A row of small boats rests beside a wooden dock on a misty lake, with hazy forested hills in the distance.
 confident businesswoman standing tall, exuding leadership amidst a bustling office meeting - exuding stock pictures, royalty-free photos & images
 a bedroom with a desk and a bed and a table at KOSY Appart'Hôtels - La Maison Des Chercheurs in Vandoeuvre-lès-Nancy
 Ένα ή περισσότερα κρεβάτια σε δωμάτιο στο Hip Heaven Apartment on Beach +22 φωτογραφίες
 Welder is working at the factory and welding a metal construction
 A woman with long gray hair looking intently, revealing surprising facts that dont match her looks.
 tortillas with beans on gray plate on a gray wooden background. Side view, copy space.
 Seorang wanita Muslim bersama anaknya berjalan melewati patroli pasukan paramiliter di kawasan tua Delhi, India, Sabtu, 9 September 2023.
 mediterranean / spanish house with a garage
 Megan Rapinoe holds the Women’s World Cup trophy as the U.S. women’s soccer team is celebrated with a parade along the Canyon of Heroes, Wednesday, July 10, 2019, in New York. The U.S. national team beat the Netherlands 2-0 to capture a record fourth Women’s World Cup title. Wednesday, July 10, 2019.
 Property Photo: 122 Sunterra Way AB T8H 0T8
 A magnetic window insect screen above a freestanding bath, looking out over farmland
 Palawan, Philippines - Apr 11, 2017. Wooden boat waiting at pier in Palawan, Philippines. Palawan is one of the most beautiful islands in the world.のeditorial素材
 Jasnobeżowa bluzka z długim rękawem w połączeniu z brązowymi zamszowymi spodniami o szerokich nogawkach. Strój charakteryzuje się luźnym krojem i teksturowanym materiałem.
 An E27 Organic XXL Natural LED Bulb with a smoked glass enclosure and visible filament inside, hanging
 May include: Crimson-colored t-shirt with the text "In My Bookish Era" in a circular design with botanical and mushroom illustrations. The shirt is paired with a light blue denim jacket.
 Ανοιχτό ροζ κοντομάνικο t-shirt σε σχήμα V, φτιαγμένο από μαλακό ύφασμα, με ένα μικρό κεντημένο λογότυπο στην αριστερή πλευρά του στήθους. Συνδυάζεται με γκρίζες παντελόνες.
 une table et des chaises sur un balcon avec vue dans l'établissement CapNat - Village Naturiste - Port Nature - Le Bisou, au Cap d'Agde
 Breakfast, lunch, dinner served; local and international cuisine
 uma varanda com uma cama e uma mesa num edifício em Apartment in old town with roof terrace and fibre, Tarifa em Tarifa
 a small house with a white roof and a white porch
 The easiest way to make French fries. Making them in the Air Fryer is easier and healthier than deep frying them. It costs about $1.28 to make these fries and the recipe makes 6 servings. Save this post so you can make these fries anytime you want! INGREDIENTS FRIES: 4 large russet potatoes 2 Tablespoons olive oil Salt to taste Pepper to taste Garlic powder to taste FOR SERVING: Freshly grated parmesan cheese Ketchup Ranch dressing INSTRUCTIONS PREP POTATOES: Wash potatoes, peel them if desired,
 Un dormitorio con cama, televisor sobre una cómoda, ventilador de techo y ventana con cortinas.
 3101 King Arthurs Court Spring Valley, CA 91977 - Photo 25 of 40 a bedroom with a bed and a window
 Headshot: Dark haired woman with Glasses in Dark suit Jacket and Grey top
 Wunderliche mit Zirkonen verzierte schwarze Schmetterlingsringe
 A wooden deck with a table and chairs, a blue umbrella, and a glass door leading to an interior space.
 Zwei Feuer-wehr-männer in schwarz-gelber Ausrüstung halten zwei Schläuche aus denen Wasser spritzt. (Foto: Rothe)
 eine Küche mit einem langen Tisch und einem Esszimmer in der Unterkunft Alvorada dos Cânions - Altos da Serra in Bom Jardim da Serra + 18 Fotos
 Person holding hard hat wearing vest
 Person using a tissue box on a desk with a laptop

○ ○ ○ ○ ○ ○ ○

**Problem to work on:**
In the material above, find each line that contains the word "cama", and select it.

**Answer to this problem:**
 uma varanda com uma cama e uma mesa num edifício em Apartment in old town with roof terrace and fibre, Tarifa em Tarifa
 Un dormitorio con cama, televisor sobre una cómoda, ventilador de techo y ventana con cortinas.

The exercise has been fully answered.